With the eyes of the country on Washington, Inauguration Day is often a time for political leaders to show up in their finest and most fashionable outfits. In many cases, elected officials and gathered luminaries use their clothing to make statements, as Lady Gaga did when she wore a giant gilded dove that she said was a call for peace.
This year, many were paying attention to the sartorial choices of men at the inauguration — with a particular focus on Senator Bernie Sanders, who showed up in a heavy winter coat and patterned wool mittens.
With chilly weather and breezy conditions in Washington, Mr. Sanders’s outfit was practical. But it stood out amid a sea of overcoats, including the two Ralph Lauren coats worn by President Biden and Doug Emhoff, the husband of Vice President Kamala Harris.
Mr. Sanders, a Vermont politician who ran two presidential primary campaigns on a populist, anti-establishment message, later said in an interview with CBS News that the weather was his primary concern — not fashion.
“In Vermont, we dress warm. We know something about the cold,” Mr. Sanders said, chuckling. “And we’re not so concerned about good fashion. We want to keep warm. And that’s what I did today.”
Mr. Sanders’s mittens, in a sort of brown and cream Himalayan sweater pattern, quickly got their own hashtag. Jen Ellis, a Vermont schoolteacher, claimed ownership in a tweet.
“I made Bernie’s mittens as a gift a couple years ago,” she wrote, posting a photo of other similar creations. “They are made from repurposed wool sweaters and lined with fleece (made from recycled plastic bottles).”
Warmth was a concern that appeared to be shared by Mr. Emhoff, who became the country’s first Second Gentleman after Ms. Harris was sworn in. In addition to the coat, he wore a gray suit by Ralph Lauren and a black mask, gloves and tie.

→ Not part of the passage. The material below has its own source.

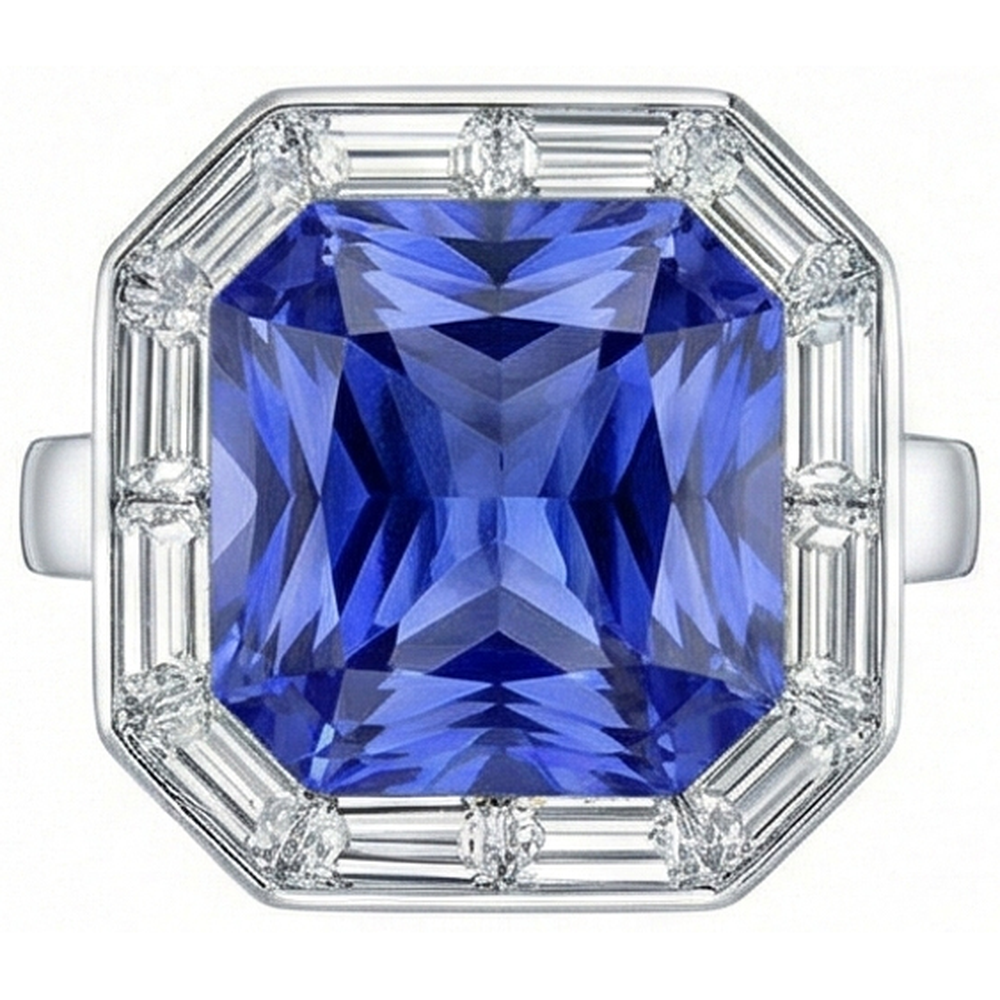 vero baguette diamante 3.50carati anello angolo laterale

It was a muted palate against which Ms. Harris, in bright purple, could shine as she stepped into the history books as the country’s first woman vice president.
But the man whose inaugural fashion choices might have most stood out was the country singer Garth Brooks, who performed “Amazing Grace” near the end of the swearing-in ceremony.
Mr. Brooks, a last-minute addition to the lineup, emerged from the Capitol in a black cowboy hat, a black blazer and shirt and dark denim jeans — a considerably dressed-down look compared to the formal suits and ties surrounding him.
In deference to the occasion, he removed his hat, which is long a staple of his look, before he began to sing.